Thursday, July 04, 2013


It is important to realize the limits of our capabilities. Here are two examples:

I decided I needed to move the shelves next to my desk in order to have a cupboard installed. I measured the uprights that are screwed to the wall and set out to buy a third one so that I would not have to unscrew them and then make holes in the wall again and re-install them. I went to two stores that sell this sort of thing and bought what I thought would be suitable parts that matched the style of the shelf holders. But, when I compared them with the ones on the wall I realized that both sources were mis-matched, and then I realized it was because the original that I have on the wall are based on the British inch-foot system of length while the ones in the stores here are metric. As a consequence the holes to support the shelves do not match. So I had to return the parts to the stores and was faced with the job of unscrewing and taking down the uprights and then drilling numerous holes in the wall again. I gave up, I decided it was too big a job for me to do and I'll leave it for the carpenter who will be here to install the cupboard.

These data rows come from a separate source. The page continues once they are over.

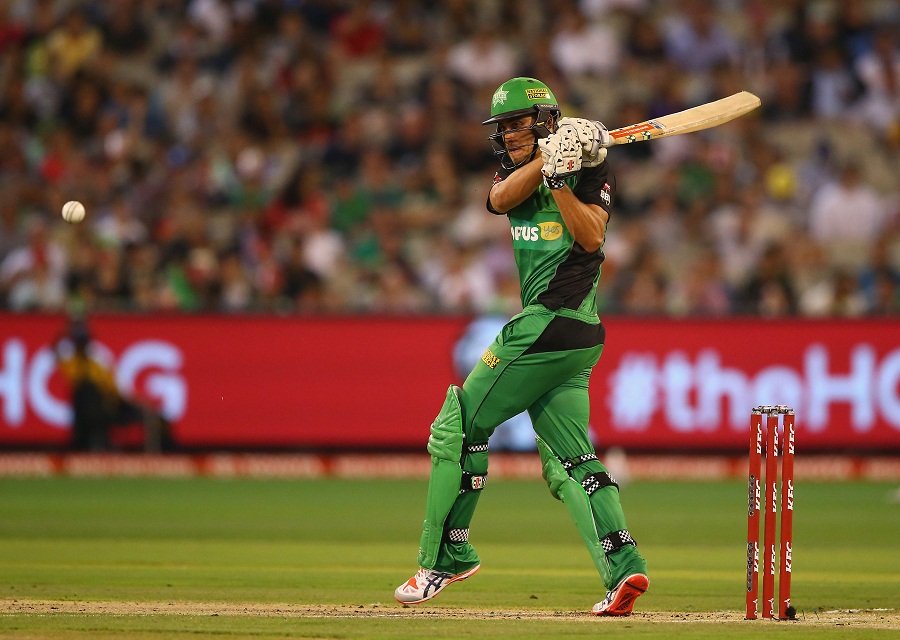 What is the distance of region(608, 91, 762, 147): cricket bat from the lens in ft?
21.6

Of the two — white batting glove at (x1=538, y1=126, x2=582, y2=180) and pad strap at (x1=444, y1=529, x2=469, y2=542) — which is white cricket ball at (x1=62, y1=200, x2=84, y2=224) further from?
white batting glove at (x1=538, y1=126, x2=582, y2=180)

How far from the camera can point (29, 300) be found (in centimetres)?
1491

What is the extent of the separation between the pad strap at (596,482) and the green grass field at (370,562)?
54cm

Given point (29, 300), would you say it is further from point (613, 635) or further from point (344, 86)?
point (613, 635)

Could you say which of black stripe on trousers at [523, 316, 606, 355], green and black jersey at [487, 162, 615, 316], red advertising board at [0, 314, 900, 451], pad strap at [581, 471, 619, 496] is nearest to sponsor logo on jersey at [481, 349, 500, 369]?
black stripe on trousers at [523, 316, 606, 355]

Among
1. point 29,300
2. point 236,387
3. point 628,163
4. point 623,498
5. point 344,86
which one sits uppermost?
point 344,86

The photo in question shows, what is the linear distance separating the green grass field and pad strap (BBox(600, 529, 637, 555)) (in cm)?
31

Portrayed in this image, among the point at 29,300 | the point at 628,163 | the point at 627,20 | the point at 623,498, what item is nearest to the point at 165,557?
the point at 623,498

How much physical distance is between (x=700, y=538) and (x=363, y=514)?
2.67m

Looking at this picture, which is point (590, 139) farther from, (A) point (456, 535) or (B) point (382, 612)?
(B) point (382, 612)

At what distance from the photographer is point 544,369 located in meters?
6.55

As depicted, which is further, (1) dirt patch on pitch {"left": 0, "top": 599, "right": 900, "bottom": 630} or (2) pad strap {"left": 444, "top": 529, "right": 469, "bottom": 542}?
(2) pad strap {"left": 444, "top": 529, "right": 469, "bottom": 542}

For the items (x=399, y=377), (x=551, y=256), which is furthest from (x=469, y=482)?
(x=399, y=377)

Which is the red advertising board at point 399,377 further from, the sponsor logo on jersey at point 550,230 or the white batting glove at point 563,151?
the white batting glove at point 563,151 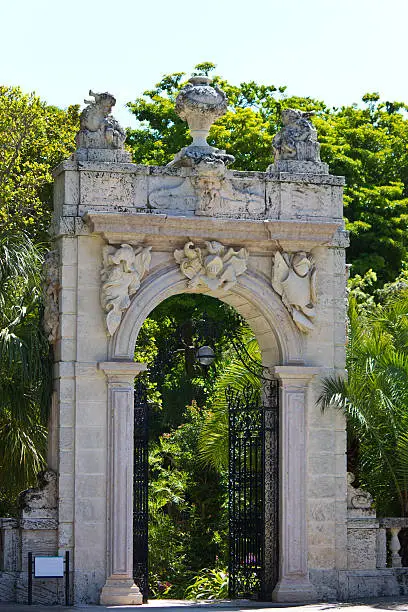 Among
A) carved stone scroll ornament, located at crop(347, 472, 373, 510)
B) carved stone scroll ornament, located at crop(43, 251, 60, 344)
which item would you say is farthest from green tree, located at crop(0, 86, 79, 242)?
carved stone scroll ornament, located at crop(347, 472, 373, 510)

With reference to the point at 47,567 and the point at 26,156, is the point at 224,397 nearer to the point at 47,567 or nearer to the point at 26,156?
the point at 47,567

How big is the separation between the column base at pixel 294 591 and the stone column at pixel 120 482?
1703 mm

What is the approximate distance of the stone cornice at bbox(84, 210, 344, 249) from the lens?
17859 mm

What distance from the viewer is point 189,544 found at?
2464 centimetres

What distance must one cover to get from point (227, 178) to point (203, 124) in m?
0.78

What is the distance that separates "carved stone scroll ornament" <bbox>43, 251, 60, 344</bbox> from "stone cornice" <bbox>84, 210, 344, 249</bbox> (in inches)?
25.9

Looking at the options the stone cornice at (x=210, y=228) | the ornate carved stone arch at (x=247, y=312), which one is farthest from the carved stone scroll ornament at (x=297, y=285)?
the stone cornice at (x=210, y=228)

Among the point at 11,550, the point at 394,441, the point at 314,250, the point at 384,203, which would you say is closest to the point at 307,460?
the point at 394,441

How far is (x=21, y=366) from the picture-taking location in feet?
59.1

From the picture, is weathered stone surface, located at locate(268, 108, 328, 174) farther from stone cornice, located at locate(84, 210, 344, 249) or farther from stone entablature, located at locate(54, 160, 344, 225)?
stone cornice, located at locate(84, 210, 344, 249)

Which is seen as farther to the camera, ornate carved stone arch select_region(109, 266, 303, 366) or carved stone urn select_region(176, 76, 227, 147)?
carved stone urn select_region(176, 76, 227, 147)

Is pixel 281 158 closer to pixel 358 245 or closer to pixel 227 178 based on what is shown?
pixel 227 178

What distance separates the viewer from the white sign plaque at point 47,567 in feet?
56.1

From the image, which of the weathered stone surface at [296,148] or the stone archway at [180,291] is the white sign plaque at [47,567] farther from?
the weathered stone surface at [296,148] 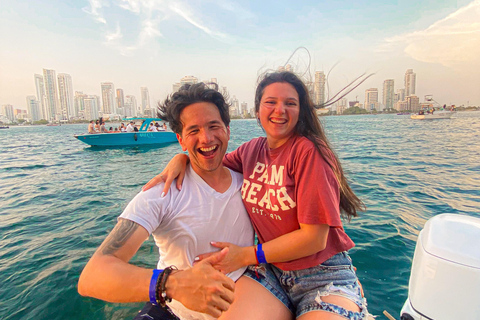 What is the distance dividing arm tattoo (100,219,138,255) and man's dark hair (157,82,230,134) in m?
0.91

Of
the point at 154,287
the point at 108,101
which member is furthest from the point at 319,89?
the point at 108,101

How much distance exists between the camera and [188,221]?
2066mm

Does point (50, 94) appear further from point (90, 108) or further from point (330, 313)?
point (330, 313)

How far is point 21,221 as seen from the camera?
Answer: 702 cm

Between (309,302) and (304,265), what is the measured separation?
274 mm

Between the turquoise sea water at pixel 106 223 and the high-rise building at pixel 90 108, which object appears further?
the high-rise building at pixel 90 108

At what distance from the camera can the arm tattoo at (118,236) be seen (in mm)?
1615

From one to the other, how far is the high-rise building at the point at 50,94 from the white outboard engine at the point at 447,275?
186 m

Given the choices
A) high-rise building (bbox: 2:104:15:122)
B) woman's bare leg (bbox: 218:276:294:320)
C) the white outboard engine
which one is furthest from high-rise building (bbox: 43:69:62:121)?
the white outboard engine

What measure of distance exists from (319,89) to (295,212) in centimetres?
149

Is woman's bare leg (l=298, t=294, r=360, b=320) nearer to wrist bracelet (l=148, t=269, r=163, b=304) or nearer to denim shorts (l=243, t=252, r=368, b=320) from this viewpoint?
denim shorts (l=243, t=252, r=368, b=320)

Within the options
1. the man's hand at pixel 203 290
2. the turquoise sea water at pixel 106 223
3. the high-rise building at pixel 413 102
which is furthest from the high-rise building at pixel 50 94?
the high-rise building at pixel 413 102

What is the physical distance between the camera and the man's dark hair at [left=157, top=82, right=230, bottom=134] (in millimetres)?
2211

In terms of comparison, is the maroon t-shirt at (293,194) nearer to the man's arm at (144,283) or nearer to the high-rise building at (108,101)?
the man's arm at (144,283) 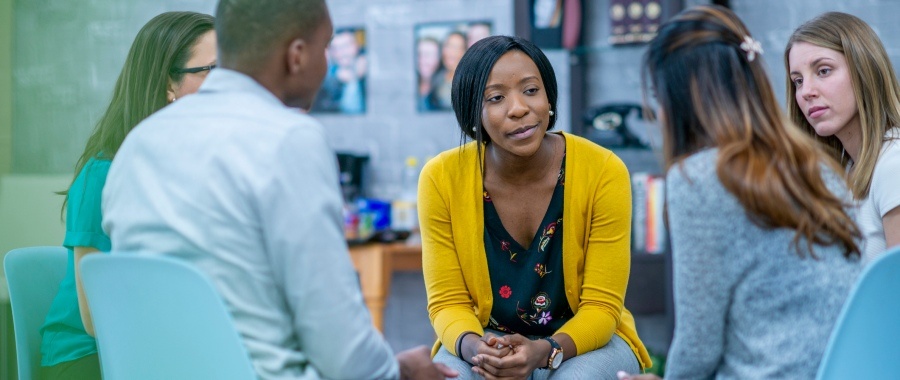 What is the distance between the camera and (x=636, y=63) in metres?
3.74

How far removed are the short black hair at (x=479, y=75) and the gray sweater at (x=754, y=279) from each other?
28.5 inches

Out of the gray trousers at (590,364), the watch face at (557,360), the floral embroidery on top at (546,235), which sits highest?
the floral embroidery on top at (546,235)

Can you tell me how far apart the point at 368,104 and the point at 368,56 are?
22 centimetres


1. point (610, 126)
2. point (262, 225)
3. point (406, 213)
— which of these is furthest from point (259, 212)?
point (406, 213)

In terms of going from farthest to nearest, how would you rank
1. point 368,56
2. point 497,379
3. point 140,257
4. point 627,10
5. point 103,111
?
point 368,56 → point 627,10 → point 103,111 → point 497,379 → point 140,257

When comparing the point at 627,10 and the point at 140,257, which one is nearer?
the point at 140,257

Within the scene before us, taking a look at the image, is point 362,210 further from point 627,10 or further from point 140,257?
point 140,257

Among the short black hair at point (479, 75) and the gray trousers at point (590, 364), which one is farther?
the short black hair at point (479, 75)

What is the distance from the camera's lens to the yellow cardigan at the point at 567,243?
1.88 meters

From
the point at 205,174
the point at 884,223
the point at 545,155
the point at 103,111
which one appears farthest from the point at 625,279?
the point at 103,111

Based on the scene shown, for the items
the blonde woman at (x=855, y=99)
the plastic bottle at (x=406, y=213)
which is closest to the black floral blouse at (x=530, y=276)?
the blonde woman at (x=855, y=99)

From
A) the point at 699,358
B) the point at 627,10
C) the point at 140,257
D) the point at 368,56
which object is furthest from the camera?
the point at 368,56

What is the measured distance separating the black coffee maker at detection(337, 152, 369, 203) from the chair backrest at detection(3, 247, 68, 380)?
222 cm

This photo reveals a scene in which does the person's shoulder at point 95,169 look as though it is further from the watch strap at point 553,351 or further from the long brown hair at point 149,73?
the watch strap at point 553,351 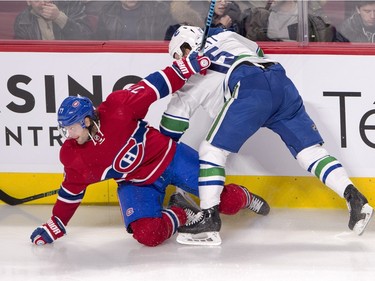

I own a Nook Color e-book reader, that is nice because it not only allows reading books like a Kindle, but also has full internet access as well as being a video and music player. I decided to add some extra memory to the Nook in order to expand its capabilities, but then I found that that new memory was not integrated into the Nook, but formed a separate memory and one could switch between the two. In order to combine them I needed to do a process called "rooting" in which the Nook is transformed into a fully Android system, like a smartphone. I could find no way to conveniently do this, until my son pointed out to me that now there are several commercial sources of memory chips and programs to do just this. So I purchased one on-line called N2A (get it, Nook to Android). Since I already had the memory chip installed I did not need to buy that, but only download the program into the memory chip inside the Nook. So I connected the Nook to my comnputer and proceeded with the process. Then it asked me what was the size of the memory chip I had, but I couldn't remember that so I guessed 32 gb. I was apparently wrong because as soon as I had downloaded the program and went to install it, I got an error message, "not enough memory." So I did what I should have done before, I opened up the Nook and took out the memory chip (a fiddly process) and it was 8 gb. So I wrote a note to the company telling them that I had made a mistake and downloaded the wrong size program, and all was well, having paid for the first version, they sent me the correct version free. I downloaded it, installed it and then disconnected the Nook, turned it off and then on again, et voila, it is now a fully Android tablet. So it was successful, but it teaches not to cut corners and make assumptions.